A spirit of restless loneliness took possession of him, as he stepped out into the crowded solitudes of Broadway. His thoughts ran back to the day that he had first met Frances Candler, when, half unwillingly joining forces with MacNutt, he had followed that most adroit of wire-tappers to his up-town house. He remembered his astonishment as the door swung back to MacNutt’s secret ring, and Frank stood there in the doorway, looking half timidly out at them, with her hand still on the knob. How far away it seemed; and yet, as the world went, it could be counted in months. He had thought her a mere girl at first, and he recalled how he imagined there had been a mistake in the house number, as he saw the well-groomed figure in black, with its wealth of waving chestnut hair, and the brooding violet eyes with their wordless look of childish weariness. It was only later that he had taken note of the ever betraying fulness of throat and breast, and the touch of mature womanhood in the shadows about the wistful eyes.
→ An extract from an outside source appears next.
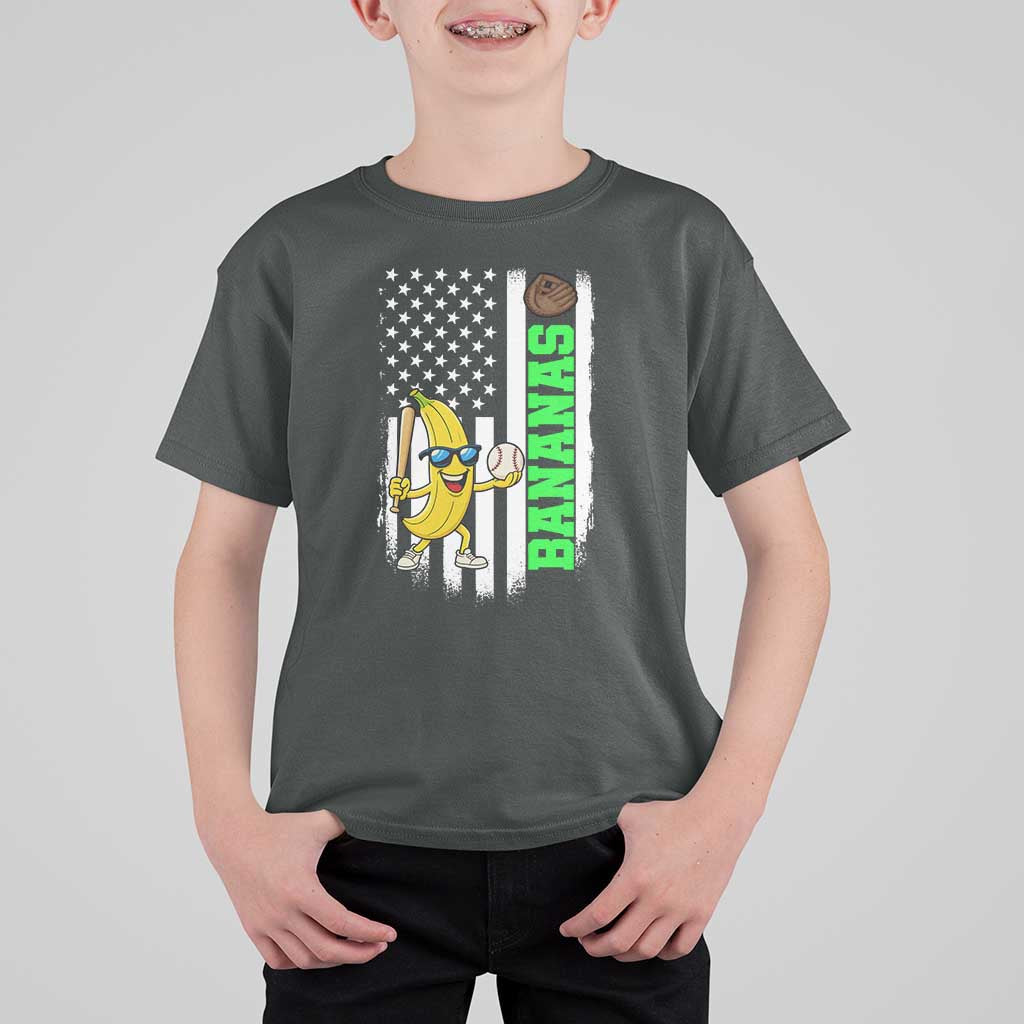 Banana Playing Baseball Lover T Shirt For Kid Retro American Flag - Wonder Print Shop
He remembered, point by point, the slow English voice, with its full-voweled softness of tone, as she answered MacNutt’s quick questions, the warm mouth and its suggestion of impulsiveness, the girlishly winning smile with which she had welcomed him as her partner in that house of underground operating and unlooked-for adventure, the quick and nervous movements of the muscular body that always carried with it a sense of steely strength half-sheathed in softness.
Bit by bit he recalled their tasks and their perils together.
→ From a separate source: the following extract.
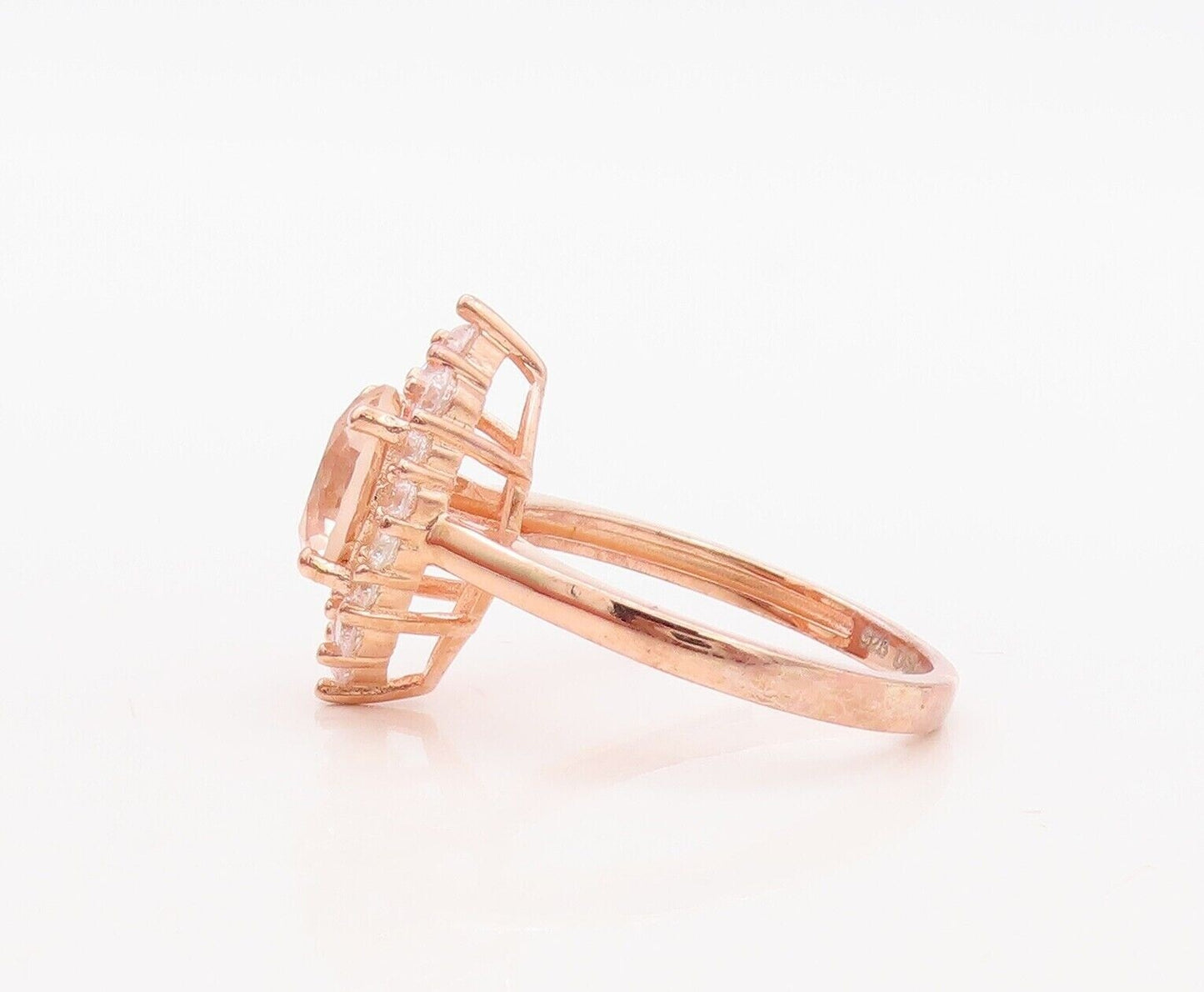 925 Sterling Silver Vintage Ring Rose Gold Plated Morganite & CZ  Sz 7  RG30074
What touched him most, as he paced the odorous, lamp-hung valley of the Rialto, was the memory of this wistful woman’s sporadic yet passionate efforts to lead him back to honesty. Each effort, he knew, had been futile, though for her sake alone he had made not a few unthought of struggles to be decent and open and aboveboard in at least the smaller things of life.
But the inebriation of great hazards was in his veins. They had taken great chances together; and thereafter, he felt, it could be only great chances that would move and stir and hold them. Now he would never be content, he knew, to lounge about the quiet little inns of life, with the memory of those vast adventures of the open in his heart and the thirst for those vast hazards in his veins.
As he turned, in Longacre Square, to look back at that turbulent valley of lights below him, he remembered, incongruously enough, that the midnight Tenderloin was the most thoroughly policed of all portions of the city—the most guarded of all districts in the world. And what a name for it, he thought—the Tenderloin, the tenderest and most delectable, the juiciest and the most sustaining district in all New York, for the lawless egotist, whether his self-seeking took the form of pleasure or whether it took the form of profit!
A momentary feeling of repugnance at what was unlovely in life crept over him, but he solaced himself with the thought that, after all, it was the goodness in bad people and the badness in good people that held the mottled fabric together in its tight-meshed union of contradictions.
Then his spirit of loneliness returned to him, and his thoughts went back to Frances Candler once more. He wondered why it was that her casual woman’s touch seemed even to dignify and concentrate open crime itself. He felt that he was unable, now, to move and act without her. And as he thought of what she had grown to mean to him, of the sustaining sense of coolness and rest which she brought with her, he remembered his first restless night in New York, when he had been unable to sleep, because of the heat in his stifling little bedroom, and had walked the breathless, unknown streets, until suddenly on his face he had felt a cool touch of wind, and the old-time balm of grass and trees and green things had struck into his startled nostrils. It was Central Park that he had stumbled on, he learned later; and he crept into it and fell placidly asleep on one of the shadowy benches.
His memory, as he turned to take a last look down the light-hung cañon of the Rialto, was of the evening that he and his desk-mate, Eddie Crawford, had first driven down that luminous highway, in a taxi, and the lights and the movement and the stir of it had gone to his bewildered young head. For he had leaned out over those titanic tides and exclaimed, with vague and foolish fierceness: “My God, Eddie, some day I’m going to get a grip on this town!”